Guru tidak hanya mengajarkan
scientific saja tetapi juga tentang
norma, moral, karakter. Persahabatan dengan rekan-rekan
dapat membantu dia belajar tentang berbagi dan bergiliran, kerjasama dan
resolusi konflik, keadilan, atau agresi-semua skill dia akan butuhkan nanti di
sekolah dan dalam kehidupan.
Pemahaman multicultural dari guru juga mengambil peran penting dalam hal ini,
karena pemahaman konflik yang berkenaan dengan isu-isu “sara” dapat ditekan.
Sebagai
kekayaan berarti semua agama yang berada di Nusantara ini diyakini mempunyai
kekhasan fungsional religious sehingga adanya banyak agama justru menampilkan
wajah bangsa yang “tidak monoton” karena perbedaan agama merupakan anugra bagi
bangsa ini. Itulah pemahaman yang harus di tanamkan kepada seluruh masyarakat
Indonesia yang masih awam akan toleransi.dalam pendidikan umum pada sekolah, di
isi dengan berbagai study pemahaman yang saling bersinergi dengan keyakinan.
Dalam aspek
pendidikan, pendidikan liberal dan demokrasi merupakan hal yang mempunyai
maksud dan tujuan yang sama, yaitu terciptanya keaktifan interaksi wacana dalam
kelas yang berasaskan kesetaraan dan tak terkotak-kotakkan dalam golongan, ras,
dan agama. Ini yang sudah pasti akan terciptanya budaya keharmonisan dalam
kelas. Keseimbangan toleransi di kelas yang multicultural akan lebih terlihat
menarik dibandingkan kelas yang monoton dalam adat istiadat yang sama.
Religious harmony
Pendidikan liberal tersebut tak lain
dan tak bukan merupakan suatu langkah yang pasti dalam mewujudkan keharmonisan
dalam beragama. Wacana dalam kelas mungkin Cuma sejenis simulator untuk
mambangun keharmonisan yang sesungguhnya dikalangan masyarakat ketika siswa
tersebut terjun ke Masyarakat.

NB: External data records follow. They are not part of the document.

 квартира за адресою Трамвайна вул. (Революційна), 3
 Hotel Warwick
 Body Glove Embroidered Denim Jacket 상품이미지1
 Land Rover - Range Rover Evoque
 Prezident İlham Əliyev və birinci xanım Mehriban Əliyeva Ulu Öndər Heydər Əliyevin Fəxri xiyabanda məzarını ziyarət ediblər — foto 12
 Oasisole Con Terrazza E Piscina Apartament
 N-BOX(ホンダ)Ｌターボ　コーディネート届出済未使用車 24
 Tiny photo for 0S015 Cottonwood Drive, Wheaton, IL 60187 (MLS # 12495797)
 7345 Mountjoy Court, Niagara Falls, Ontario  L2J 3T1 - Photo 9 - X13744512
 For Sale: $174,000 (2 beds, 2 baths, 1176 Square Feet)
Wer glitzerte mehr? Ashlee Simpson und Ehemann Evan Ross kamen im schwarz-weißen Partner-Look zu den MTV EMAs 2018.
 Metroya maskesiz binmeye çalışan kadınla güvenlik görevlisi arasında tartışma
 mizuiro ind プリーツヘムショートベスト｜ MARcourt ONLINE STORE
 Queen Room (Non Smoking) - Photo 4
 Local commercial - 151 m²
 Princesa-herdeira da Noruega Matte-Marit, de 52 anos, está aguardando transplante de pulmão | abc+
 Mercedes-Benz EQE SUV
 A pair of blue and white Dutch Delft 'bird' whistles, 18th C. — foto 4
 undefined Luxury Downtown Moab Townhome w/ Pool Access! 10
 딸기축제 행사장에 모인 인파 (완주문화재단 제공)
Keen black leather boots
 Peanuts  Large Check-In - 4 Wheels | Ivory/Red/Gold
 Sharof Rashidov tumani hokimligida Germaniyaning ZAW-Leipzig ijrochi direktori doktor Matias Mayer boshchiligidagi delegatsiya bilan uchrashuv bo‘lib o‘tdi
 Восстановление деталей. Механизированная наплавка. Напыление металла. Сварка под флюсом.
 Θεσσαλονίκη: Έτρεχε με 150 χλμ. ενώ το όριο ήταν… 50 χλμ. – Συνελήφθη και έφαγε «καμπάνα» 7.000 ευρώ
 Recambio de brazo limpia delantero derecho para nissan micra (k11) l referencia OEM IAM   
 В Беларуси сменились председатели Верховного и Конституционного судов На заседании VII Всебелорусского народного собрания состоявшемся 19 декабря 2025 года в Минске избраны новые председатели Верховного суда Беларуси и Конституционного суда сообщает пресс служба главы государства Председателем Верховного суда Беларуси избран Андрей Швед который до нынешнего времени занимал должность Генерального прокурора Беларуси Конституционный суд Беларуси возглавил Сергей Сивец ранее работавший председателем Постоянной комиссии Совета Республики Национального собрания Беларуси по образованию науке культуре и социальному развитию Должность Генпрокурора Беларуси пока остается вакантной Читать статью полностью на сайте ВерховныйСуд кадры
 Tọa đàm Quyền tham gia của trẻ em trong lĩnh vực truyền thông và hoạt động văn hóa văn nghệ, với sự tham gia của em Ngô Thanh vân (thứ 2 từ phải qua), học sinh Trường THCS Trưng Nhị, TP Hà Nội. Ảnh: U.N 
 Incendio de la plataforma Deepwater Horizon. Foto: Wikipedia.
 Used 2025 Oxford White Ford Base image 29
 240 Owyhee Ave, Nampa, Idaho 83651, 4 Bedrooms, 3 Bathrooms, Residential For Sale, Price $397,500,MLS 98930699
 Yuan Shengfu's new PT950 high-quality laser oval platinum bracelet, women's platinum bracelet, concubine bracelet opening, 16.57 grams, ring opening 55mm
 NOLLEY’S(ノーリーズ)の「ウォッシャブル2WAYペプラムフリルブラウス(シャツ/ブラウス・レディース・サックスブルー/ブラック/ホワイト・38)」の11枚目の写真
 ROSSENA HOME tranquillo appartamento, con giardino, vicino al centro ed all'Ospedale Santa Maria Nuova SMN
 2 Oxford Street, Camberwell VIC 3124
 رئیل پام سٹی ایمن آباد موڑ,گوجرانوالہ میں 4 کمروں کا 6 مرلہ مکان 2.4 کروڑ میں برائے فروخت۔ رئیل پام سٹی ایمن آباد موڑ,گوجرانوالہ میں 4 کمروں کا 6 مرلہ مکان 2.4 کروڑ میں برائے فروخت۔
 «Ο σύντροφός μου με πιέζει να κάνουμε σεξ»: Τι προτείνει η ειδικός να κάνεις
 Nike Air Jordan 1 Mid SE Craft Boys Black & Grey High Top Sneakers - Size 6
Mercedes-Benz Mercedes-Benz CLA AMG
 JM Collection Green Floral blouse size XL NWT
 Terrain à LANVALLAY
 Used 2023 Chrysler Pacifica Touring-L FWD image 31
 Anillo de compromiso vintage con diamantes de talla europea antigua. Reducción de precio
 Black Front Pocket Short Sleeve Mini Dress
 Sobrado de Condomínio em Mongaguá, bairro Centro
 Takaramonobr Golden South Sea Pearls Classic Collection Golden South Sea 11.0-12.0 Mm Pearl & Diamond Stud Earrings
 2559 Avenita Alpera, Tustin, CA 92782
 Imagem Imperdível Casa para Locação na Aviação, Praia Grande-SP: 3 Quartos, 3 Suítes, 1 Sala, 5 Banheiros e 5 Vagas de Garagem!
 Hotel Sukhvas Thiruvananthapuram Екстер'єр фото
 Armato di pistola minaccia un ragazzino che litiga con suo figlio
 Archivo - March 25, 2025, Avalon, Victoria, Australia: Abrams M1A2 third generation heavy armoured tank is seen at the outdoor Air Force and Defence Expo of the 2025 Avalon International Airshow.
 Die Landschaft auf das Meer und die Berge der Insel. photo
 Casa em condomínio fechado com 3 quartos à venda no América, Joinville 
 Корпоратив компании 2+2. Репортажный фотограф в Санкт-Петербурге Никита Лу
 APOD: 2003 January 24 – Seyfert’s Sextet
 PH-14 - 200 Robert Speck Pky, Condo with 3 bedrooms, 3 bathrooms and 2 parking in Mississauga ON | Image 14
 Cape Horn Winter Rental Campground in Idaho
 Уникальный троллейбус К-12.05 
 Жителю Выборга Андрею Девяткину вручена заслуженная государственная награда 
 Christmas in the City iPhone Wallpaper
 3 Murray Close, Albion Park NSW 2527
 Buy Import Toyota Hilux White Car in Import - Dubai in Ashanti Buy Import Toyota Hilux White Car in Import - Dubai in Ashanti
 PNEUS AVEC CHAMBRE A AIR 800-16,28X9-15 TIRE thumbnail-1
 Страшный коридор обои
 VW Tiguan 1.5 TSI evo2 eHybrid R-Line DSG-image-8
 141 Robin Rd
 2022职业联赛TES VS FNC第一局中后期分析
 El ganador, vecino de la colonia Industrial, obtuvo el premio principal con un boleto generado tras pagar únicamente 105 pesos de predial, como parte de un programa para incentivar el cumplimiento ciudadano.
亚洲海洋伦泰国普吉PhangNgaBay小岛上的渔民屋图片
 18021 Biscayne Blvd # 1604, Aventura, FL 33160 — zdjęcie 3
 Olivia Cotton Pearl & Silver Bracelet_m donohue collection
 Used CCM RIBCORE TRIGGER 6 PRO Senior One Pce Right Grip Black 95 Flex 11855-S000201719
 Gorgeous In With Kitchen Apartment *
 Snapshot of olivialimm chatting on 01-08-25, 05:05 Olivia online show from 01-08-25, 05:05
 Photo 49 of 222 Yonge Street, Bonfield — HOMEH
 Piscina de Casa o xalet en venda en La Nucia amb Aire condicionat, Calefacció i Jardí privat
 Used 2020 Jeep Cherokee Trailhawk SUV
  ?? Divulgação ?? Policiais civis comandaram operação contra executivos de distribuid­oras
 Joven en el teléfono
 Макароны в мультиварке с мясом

Indeonesia sebagai Negara yang multicultural,
tercatat sebagai salahsatu Negara yang paling toleran diasia bahkan di Dunia.
Itu dapat terlihat dari keseharian masyarakat Indonesia yang agamis namun
mempunyai tenggang rasa yang sangat tinggi. Peer interaction mengkombinasi
antara keharmonisan beragama dengan wacana
dalam kelas yang menmungkinkan siswanya dapat berpikir kritis dan
moderat.
Untuk itu sebagai Indonesia sebagai
negara yang berdaulat tidak menjadikan segala sesuatu yang datang dari Barat
sebagai anutan secara berlebihan, terlebih meniru secara menyeluruh, karena
Bangsa kita tidak kalah hebat, bahkan sebenarnya jauh lebih hebat dibandingkan
Negara-negara Barat tersebut. Nilai-nilai yang kita punya, yang terbentuk
melalui proses yang panjang dan dilatarbelakangi oleh penyesuaian karakteristik
iklim, karakteristik keadaan alam, maupun karakteristik
sosiologis-kemasyarakatan, membentuk budaya, norma, dan nilai-nilai yang patut
kita acungkan jempol dan tentu saja paling sesuai dengan diri kita sebagai
masyarakat Indonesia.[7]
Namun itu terkesan bertolak belakang
dengan sistem pendidikan di Indonesia yang di kotak-kotakkan oleh agama. Apa
kah perlu kementrian agama meng handle pendidikan yang berbasis agama khususnya
islam? Mungkin ini terlihat aneh ketika di sekolah umum terdapat pelajaran
agama islam, yang notabene tidak semua murid di sekolah tersebut beragama
islam. Tapi ternyata presepsi tersebut tidak benar karena, pelajaran agama yang
ada pada sekolah umum seperti SMP/SMA/SMK merupakan pelajaran agama yang tak
hanya mempelajari tentang agama secara umum, namun juga mempelajari lebih
lanjut tentang masalah akhlak, budi pekerti, dan norma adat yang baik.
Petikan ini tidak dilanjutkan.